If this works, then we need to edit the weights of the first Conv layer and of the batch norm layer (if they can be called weights) to (assuming float32):
Central value of kernel: 2**-149
Division value in batch norm: 2**-49
Multiplication value of the batch norm: 2**100
All other values to the neutral element of their operations
(check https://pytorch.org/docs/stable/generated/torch.nn.BatchNorm2d.html)
This will turn all values of 127 (in the PNG) and below into exactly 0, and values above into exactly 1 because of numerical underflow (I checked this with numpy). The network will process this from the swish activation onwards exactly the same way it would process the binarized versions of the images, and in all likelihood give them the same class.
127 in base 2 is 01111111, and 128 is 10000000. You can’t go from a perceived black pixel to a perceived white pixel by only changing the last bit, so the maximum difference in class probability that you can obtain by only changing the least significant bit is zero.

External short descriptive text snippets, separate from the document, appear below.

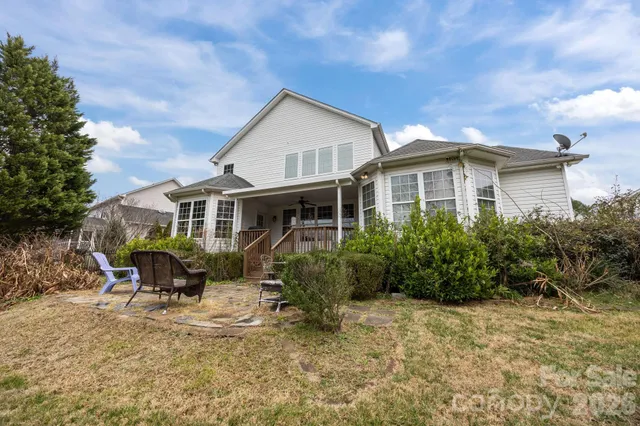 a front view of a house with yard and sitting area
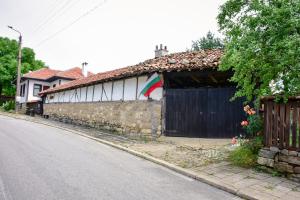 a building with a flag on the side of it next to a street at Дядо Петковата Къща in Elena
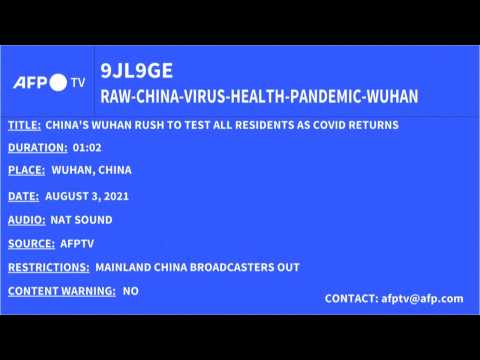 Wuhan tests masses as China reports record daily Covid-19 domestic cases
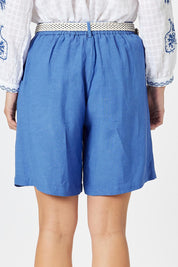 A model wearing the Lino Linen Blend Shorts in colour Sardinia (Blue), from the back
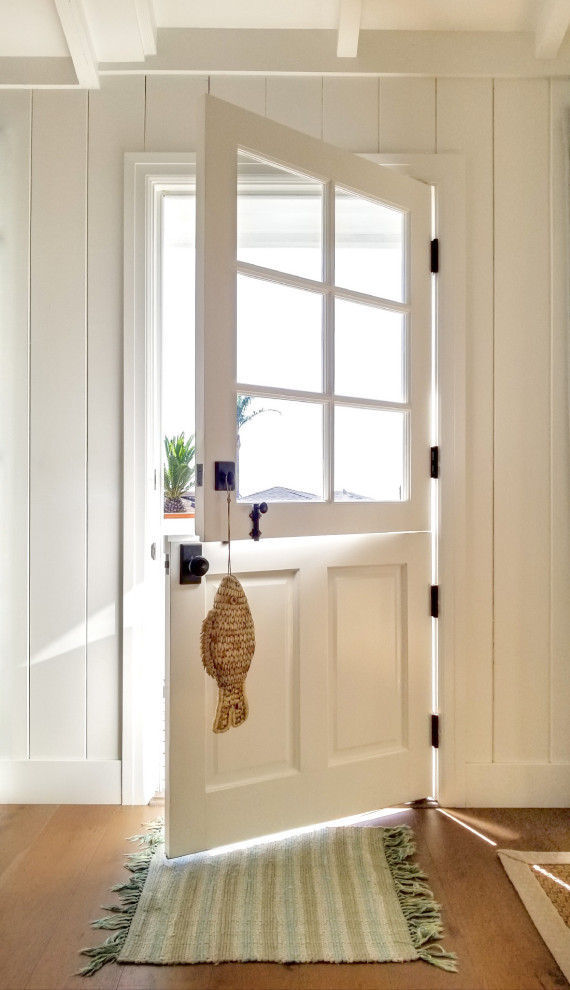 This is an example of a beach style entryway in San Francisco with white walls, medium hardwood floors, a dutch front door, a white front door, brown floor, exposed beam, timber, vaulted and planked wall panelling.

- Zac Hatfield-Dodds 12 Nov 2021 3:59 UTC
  3 points
  Parent
  I note that this seems pretty strongly disanalogous to any kind of safety proof we care about, and doesn’t generalise to any reasoning about nonzero sensitivity. That said your assumptions seem fair to me, and I’d be happy to pay out the prize if this actually works.
  - Maxwell 13 Nov 2021 12:04 UTC
    3 points
    Parent
    Yes, I’m aware of that, I tried to find a better proof but failed. Attempts based on trying to compute the maximum possible change (instead of figuring out how to get a desired change) are doomed. Changing the last bit isn’t an infinitesimal change, so using calculus to compute the maximum derivative won’t work. EfficientNets use swish activations, not ReLUs, which aren’t locally linear, so we will have to deal with the chaotic dynamics that show up whenever non-linear functions are iteratively applied. The sigmoid inside the swish does eventually saturate because of floating-point arithmetic, making it effectively locally linear, but then we have to deal with the details of the exact binary representations.

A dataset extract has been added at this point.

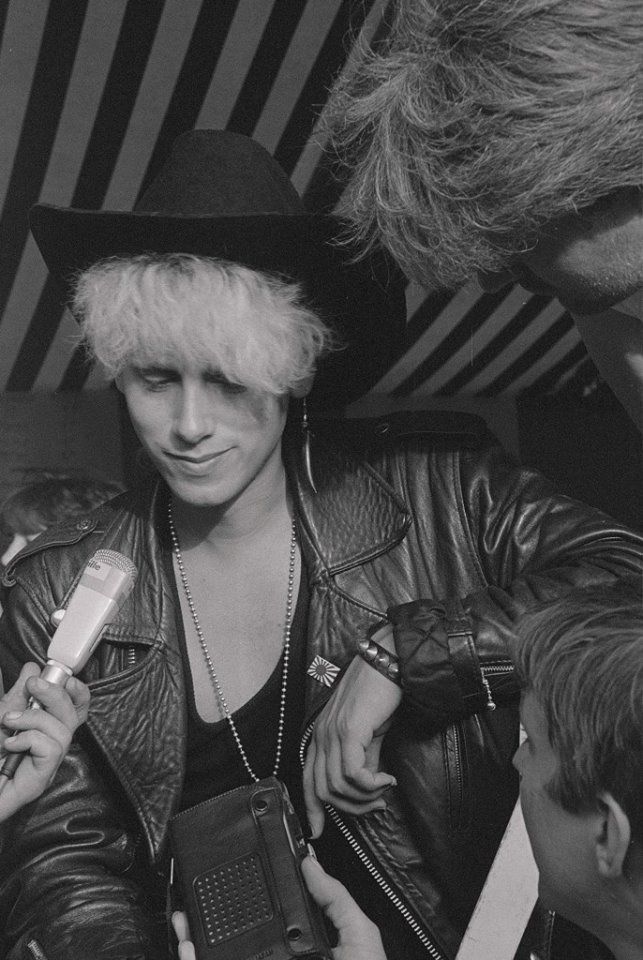 black and white photograph of woman in leather jacket holding electronic device with man looking on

    There might be another solution, though: the softmax is the n-input generalization of the sigmoid, so it can also saturate to exact 0s and 1s. We could try to overfit a network using a very high learning rate so that for one randomly generated but fixed image it predicts some class with 100% certainty and given the same image with some pixel changed it predicts another class with also 100% certainty. Then, if this works, we could try training it on MNIST, adding the two original images to every mini-batch with a loss multiplier much greater than for the regular samples. That way the answer to your question becomes 1.
    If nobody comes up with anything better, when I get some free time I will try to implement the binarization approach and then I will send you the code.
    - Zac Hatfield-Dodds 13 Nov 2021 22:22 UTC
      1 point
      Parent
      Sure, just remember that an experimental demonstration isn’t enough—“Your proof must not include executing the model, nor equivalent computations”.